Le dieron ganas de preguntar quién era el enano ese, pero prefirió ser cautelosa y averiguar más sobre esta curiosa semejanza que la tenía intrigada.

-Te aburres mucho-. Escuchó que le decía la princesa, continuando la conversación.

-¿Por qué piensas eso? Le preguntó la muchacha.

-¿A caso no es verdad? Le contestó la princesa con seguridad, como si estuviera enterada de todo.

-Sí, confesó la muchacha, a veces me aburro, no sé qué hacer y me doy vueltas por la casa, prendo y apago el televisor, abro y cierro el refrigerador, subo y bajo la escala, salgo y entro, me aburro horriblemente.

La princesa la miró feliz y le dijo:

-Yo no tengo amigas, ni televisión, ni patines, ni bicicleta, sólo al enano Oguro que me tiene que hacer reír, aunque nunca lo consigue, porque me gusta reírme de los chistes que yo misma invento, porque a mí me gusta entretenerme con las cosas y juegos que yo misma creo. Así estoy siempre ocupada y las horas se van volando. Ahora que has llegado tú, todo será entonces por partida doble, el doble más divertido, el doble de la risa, el doble más ocupada y el doble de cosas que sucederán.

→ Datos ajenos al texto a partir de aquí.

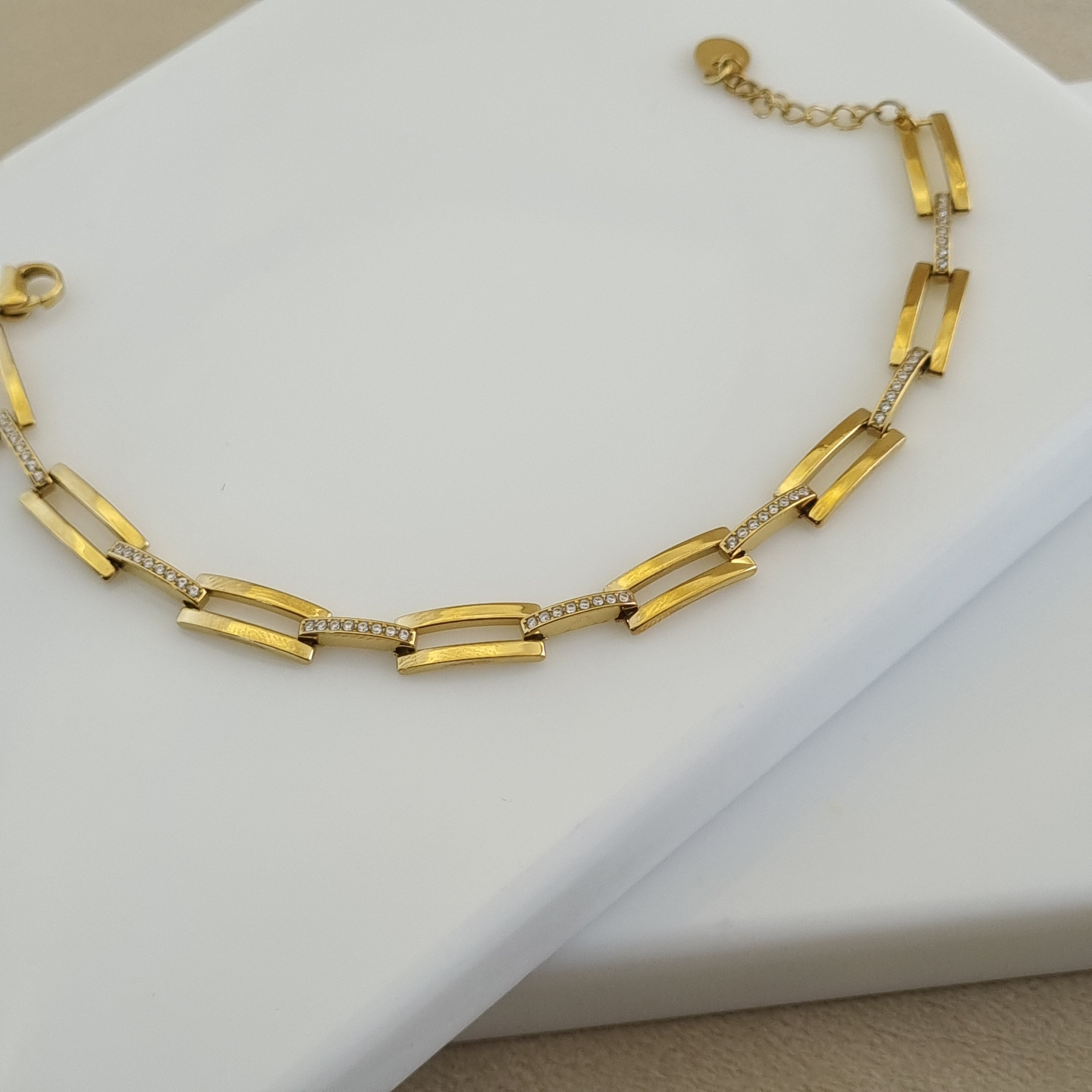18K gold plated link bracelet featuring polished rectangular links and micro-pave zirconia crystal accents.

-No entiendo, exclamó la muchacha, no sé por qué somos tan iguales, por qué sabes que me aburro, quién es el enano ese y cuáles son las cosas que sucederán. Ni siquiera sé si estoy soñando, dijo la muchacha afligida. Lo único seguro es que debo volver a casa, me imagino que he estado toda la mañana afuera y ya debe ser hora de almorzar.

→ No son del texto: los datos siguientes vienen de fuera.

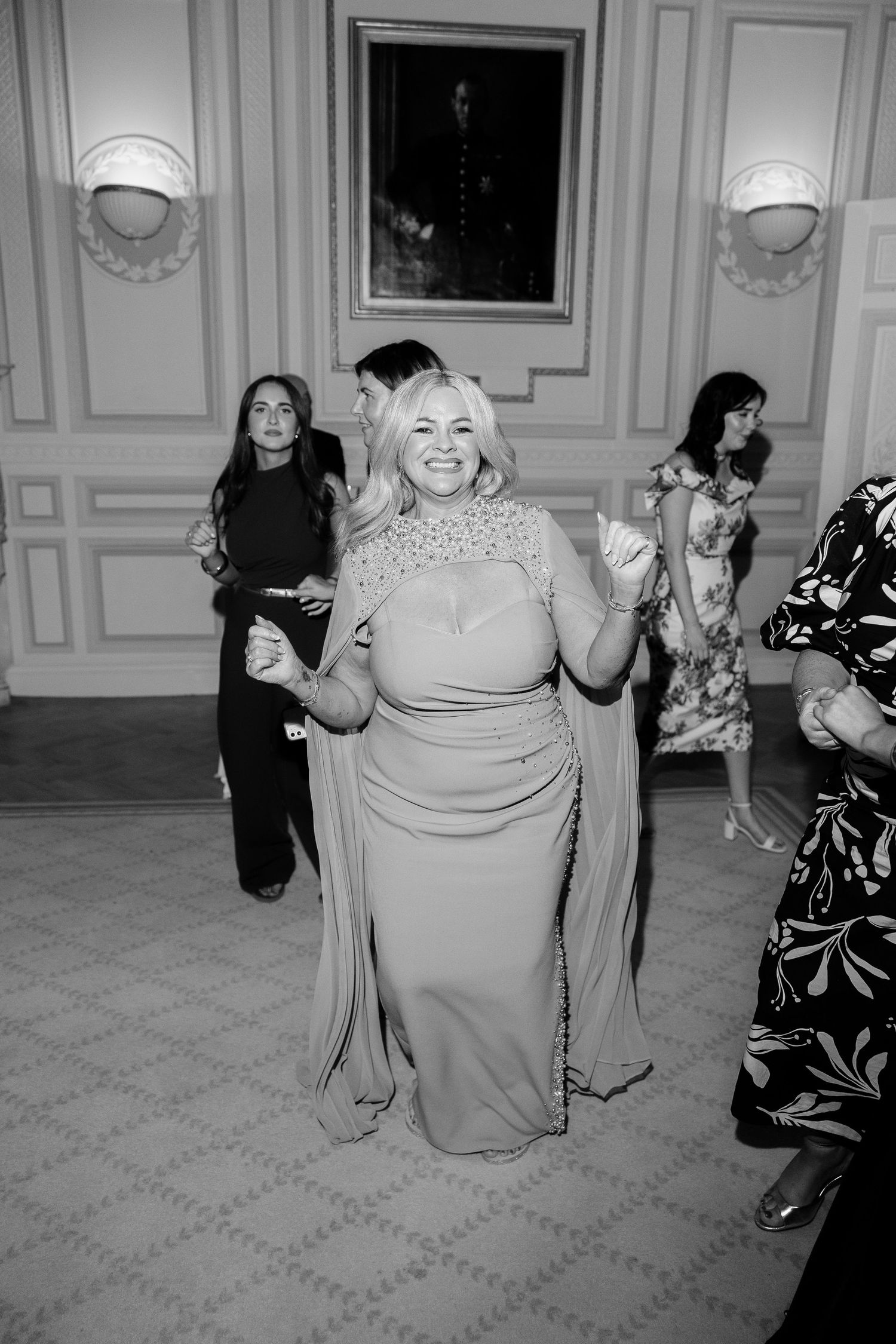 At a joyful dance event, elderly guests move across an elegant ballroom with patterned carpet and white walls.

-No te preocupes, le dijo la princesa, todo tiene una explicación y continuó. Somos iguales porque yo soy parte de ti. Sé que te aburres porque de otra forma no habrías llegado al Palacio de Tanenbrum y puedes marcharte cuando quieras, pues ya sabes cómo llegar. Cuando regreses sucederán todas las cosas, que como esta, tú quieras y puedas imaginar.

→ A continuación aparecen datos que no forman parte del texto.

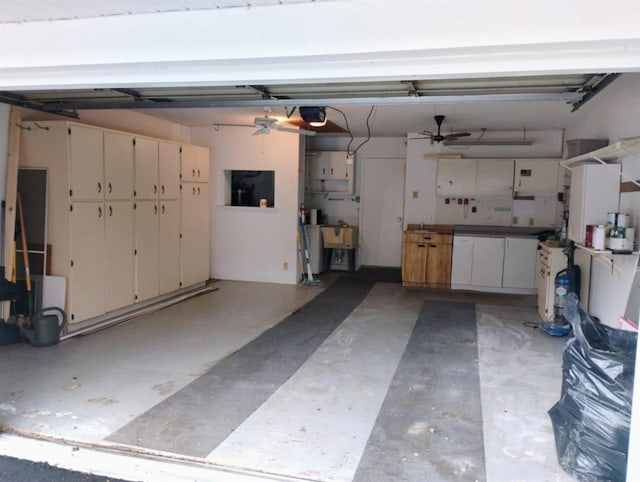 garage with a garage door opener and sink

-Como vez, dijo la princesa para terminar, todo es simple y fácil.

Respirando hondo, la muchacha se sonrió y recogiendo su bicicleta amarilla se acordó de las florcitas habladurientas que ya no estaban,  del caminito de conchuelas, del palacio y la princesa y le dieron ganas de reír.  Son maravillosas todas las cosas de la imaginación. La próxima vez, pensó, voy a visitar el mundo de los conejos del reino de Tanenbrum. Así, alegre y sonriente pedaleando en su bicicleta dio otra vuelta por el barrio y regresó a su casa, pues ya era hora de almorzar.